Die Bühne ist in schwülstige Stuckrahmen unterteilt. Der größte wird nach Violettas „Follie“ gemeinsam mit Nino Machaidze in der Titelrolle effektvoll hochgefahren, so dass sie in schwindelerregender Höhe zwischen der Liebe zu Alfredo und dem Wunsch nach Vergnügen hin- und her schwankt. So subtil sie die Rolle ausfüllt – speziell im Garten auf dem Land mit Vater und Sohn Germont –, so ausgelassen sie sich als scheinbar im prallen Leben stehende junge Frau darstellerisch gibt, stimmlich ist sie über die Violetta mittlerweile hinaus.
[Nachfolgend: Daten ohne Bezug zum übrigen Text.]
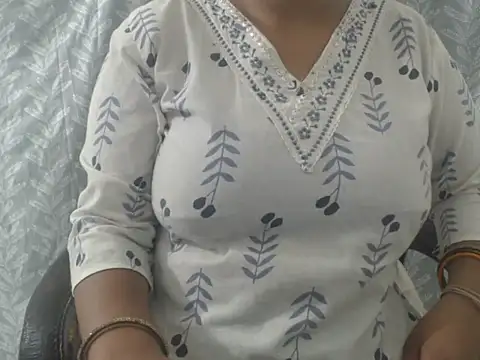 cute-priy online show from July 12, 2026, 3:08 am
Mit ihrem dunkel aufblühenden, mittlerweile recht breiten Sopran punktet sie aber noch immer im zweiten Akt. In den Koloraturen im ersten Akt stört ein recht ausgeprägtes Tremolo.
Bei Alfredos „Un dì felice, eterea“ packten die Musiker wegen erster Tropfen ihre Instrumente zusammen. Die erste (ungeplante), für die vielen Fussballfans unter den Zuschauern willkommene Pause des Abends, die offizielle folgte bereits wenige Minuten nach dem Wiederbeginn. Das ist Italien.
Anders als in Bregenz zum Beispiel, setzt man in Verona zu Freude des ausländischen Publikums und vieler italienischer Opernfans auf traditionelle „Inszenierungen“ ohne viel Technik. So wird das Landhaus von Violetta und Alfredo mit einem Stoffprospekt im Blumendekor auf dem Boden im größten Rahmen auf der Bühne angedeutet. Tanzende Zigeunerinnen – flankiert von Toreros, die auch aus Carmen stammen könnten – fehlen beim Fest im Hause Floras genauso wenig (etwas hausbackene Choreographie: Leda Lojodice) wie prächtige Kostüme für den gut einstudierten Chor (Vito Lombardi) und die Solisten. Etwas anderes kann man sich in der sommerlichen Atmosphäre auch gar nicht vorstellen.
Bei Francesco Demuros Alfredo – er hat die Partie erst im Juni an der Bayerischen Staatsoper gesungen – strömen zwar nicht alle Töne ganz mühelos, dafür gefällt er im Laufe des Abends vor allem mit verführerischem Schmelz, Agilità und Strahlkraft. Enttäuschend ist hingegen Gabriele Viviani als grober und in der Höhe pressender Vater.
Jader Bignamini am Pult des Arena-Orchesters ist den Solisten und dem Chor ein flexibler Begleiter, der Verdis Melos nichts schuldig bleibt. Das Schöne an der Arena ist, dass die Stimmen auch ohne Verstärkung recht mühelos den riesigen Raum durchdringen; die Instrumente sind hingegen mit Mikrofonen an den Notenpulten verstärkt, und trotzdem ist es nie zu laut.
Während der Ballszene bei Flora unterbrachen die Musiker noch einmal wegen Regens; die zweite ungeplante Pause wurde dann durch das Elfmeterschießen am Ende des EM-Spiels Deutschland-Italien noch ein bisschen verlängert. Ab der offiziellen Pause vor dem Schlussakt schüttete es dann aus Kübeln, und da es mittlerweile schon nach 24 Uhr war, konnten die Arena-Verantwortlichen Zuschauer und Mitwirkende guten Gewissens in die Bars, Ristoranti, zum Essen, Trauern oder Feiern entlassen. Schade, zu gerne hätte der Verona-Neuling die intime Sterbeszene auch erlebt.
Aufgrund der Größe der Arena findet man für alle Vorstellungen dieses Sommers bis 28. August offiziell noch Karten im Internet, oder man bucht über Reiseveranstalter. Zur Not kann man es auch bei den fliegenden Händlern am Abend versuchen. Schwieriger ist die Hotelsuche; hier wird im Übrigen kräftig zugelangt.